Oestrogen inhibition with anastrozole/fulvestrant nearly normalised muscularised vessel counts (figure 1d). Because we have previously shown increased oxidative stress as a marker of the metabolic defects in Bmpr2 mutant mice, we performed immunohistochemistry for oxidised lipids, and found increased oxidised lipid in the vessel wall in Bmpr2 mutant mice; however, this was normalised by oestrogen inhibition (red arrows in figure 1e). Oestrogen inhibition does not appear to reduce oxidised lipid in infiltrating inflammatory cells (figure 1e). We have previously shown an increase in accumulation of the toxic lipid ceramide with Bmpr2 mutation  as part of metabolic dysfunction. Ceramide was once again increased in the vascular walls of Bmpr2 mutant mice, and this was reduced by anastrozole/fulvestrant (figure 1f).
Because reversal of established disease is particularly relevant to the PAH patient population, we allowed Bmpr2 mutant mice to develop PAH for 6 weeks, and then treated them with either anastrozole/fulvestrant or with the somewhat weaker oestrogen receptor antagonist tamoxifen for an additional 4 weeks. Tamoxifen was added because it can be used in premenopausal females safely without inducing menopause.
As expected, tamoxifen did not impact uterine weights, but anastrozole/fulvestrant reduced uterus weights (figure 2a). Use of anastrozole/fulvestrant reduced plasma oestrogen levels ~3.5-fold (online supplementary figure S2a). Although, as expected, tamoxifen did not impact circulating oestrogen, it did reduce expression of known oestrogen targets FHL1 and SNAT2  in lung by 50% and 35%, respectively (online supplementary figure S2b).
Vehicle-treated Bmpr2R899X mice had penetrance and pressures comparable to previous experiments, which were largely reversed by treatment with anastrozole/fulvestrant, but with less effect by tamoxifen (figure 2b).
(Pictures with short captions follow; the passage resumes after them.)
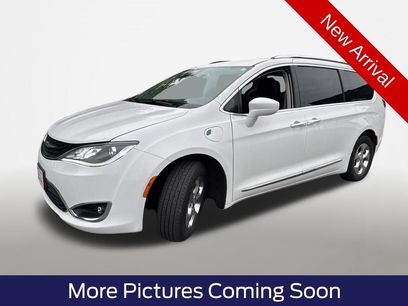 Used 2018 Chrysler Pacifica Touring-L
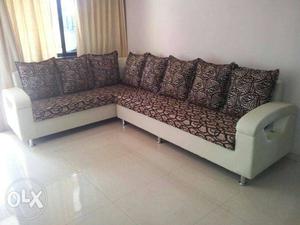 Sofa cornar 3 years orenti sell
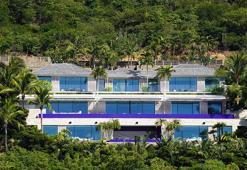 Kate Upton mavi bikinisiyle lüks villasında keyif yaptı!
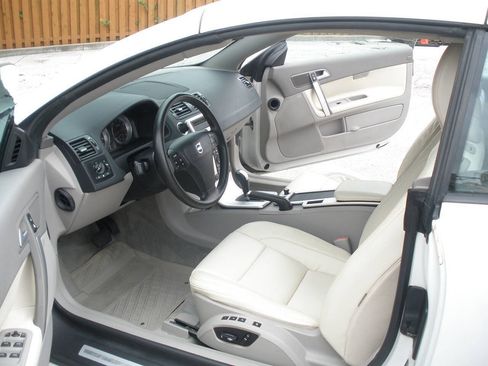 Used 2011 Volvo C70 T5 w/ Convenience Pkg FWD image 25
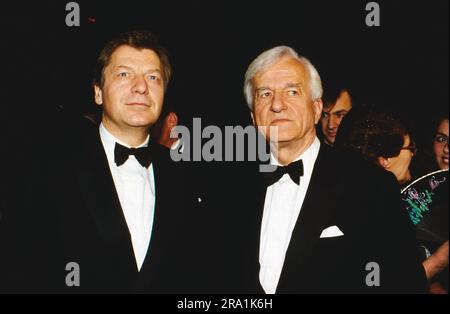Eberhard Diepgen, Regierender Bürgermeister von Berlin mit Bundespräsident Richard von Weizsäcker, 1989. Stockfoto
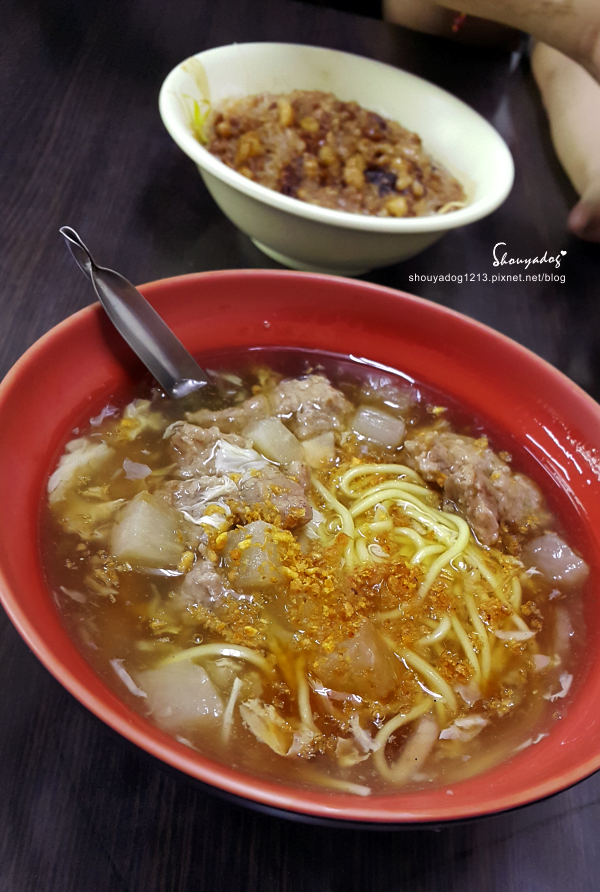 阿木師現做赤肉羹：【小吃】台灣古早味美食 阿木師現做赤肉羹X滷肉飯  in新北樹林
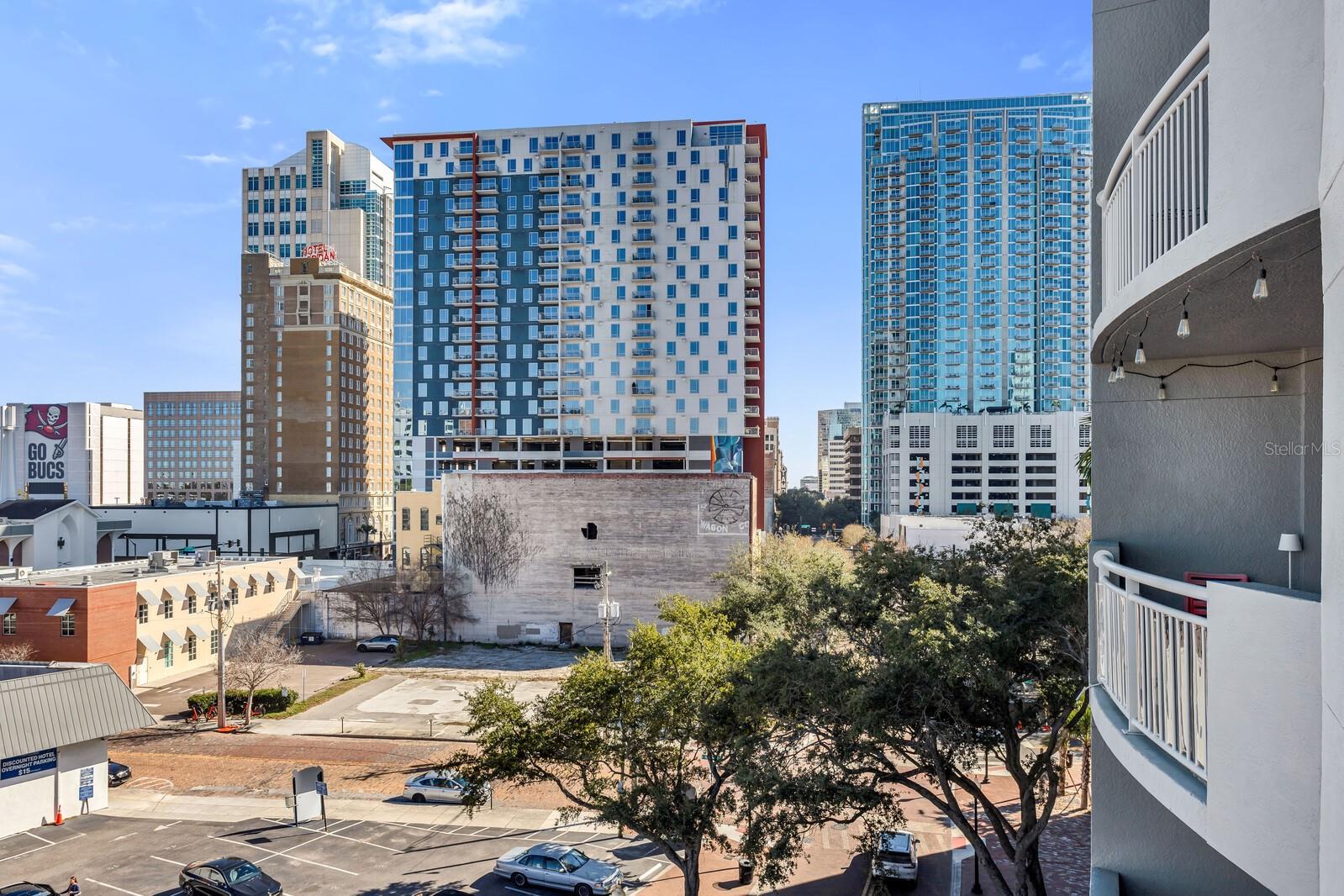 1108 N FRANKLIN ST #605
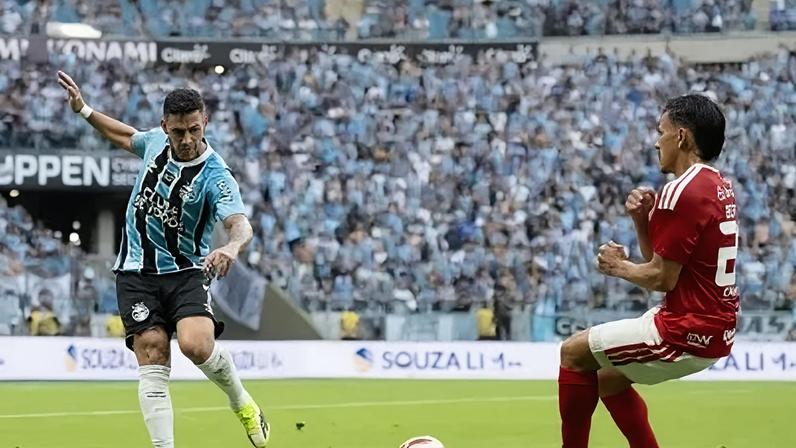Grêmio venceu o Inter por 3 a 0 na Arena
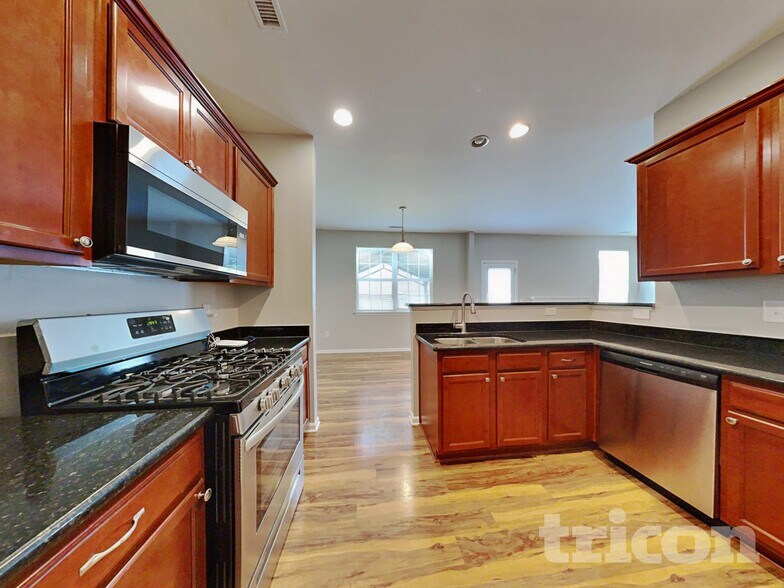 Building Photo - 1304 Lombar St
Counts of muscularised small vessels showed a strong increase in Bmpr2R899X mice, with modest reduction with tamoxifen, and normalisation with anastrozole/fulvestrant (figure 2c). Ceramide was increased in the vascular walls of Bmpr2 mutant mice, and this was reduced by anastrozole/fulvestrant, but was not apparent in tamoxifen (figure 2d).
Because pharmacological methods to inhibit oestrogen receptors may lack specificity and vary by cell type, we used genetic knockouts to attempt to determine whether the oestrogen effect was mediated through ESR1 or ESR2. Thus, these mice each had two transgenes and two knockout alleles (Rosa26-rtTA2M2, TetO7-Bmpr2R899X, and two alleles knocked out of either ESR1 or ESR2). Adult animals were fed doxycycline for 6 weeks to induce Bmpr2R899X transgene expression.
As expected, ESR1 but not ESR2 knockout resulted in reduction in uterine weight (figure 3a) . Western blots for ESR1, ESR2, and the noncanonical G protein coupled estrogen receptor (GPER) in ESR1 and ESR2 knockout and heterozygous mice show the expected and specific loss of protein (online supplementary figure S3). There appears to be a compensatory increase in GPER, but not the reciprocal ESR, with either ESR1 or ESR2 knockout.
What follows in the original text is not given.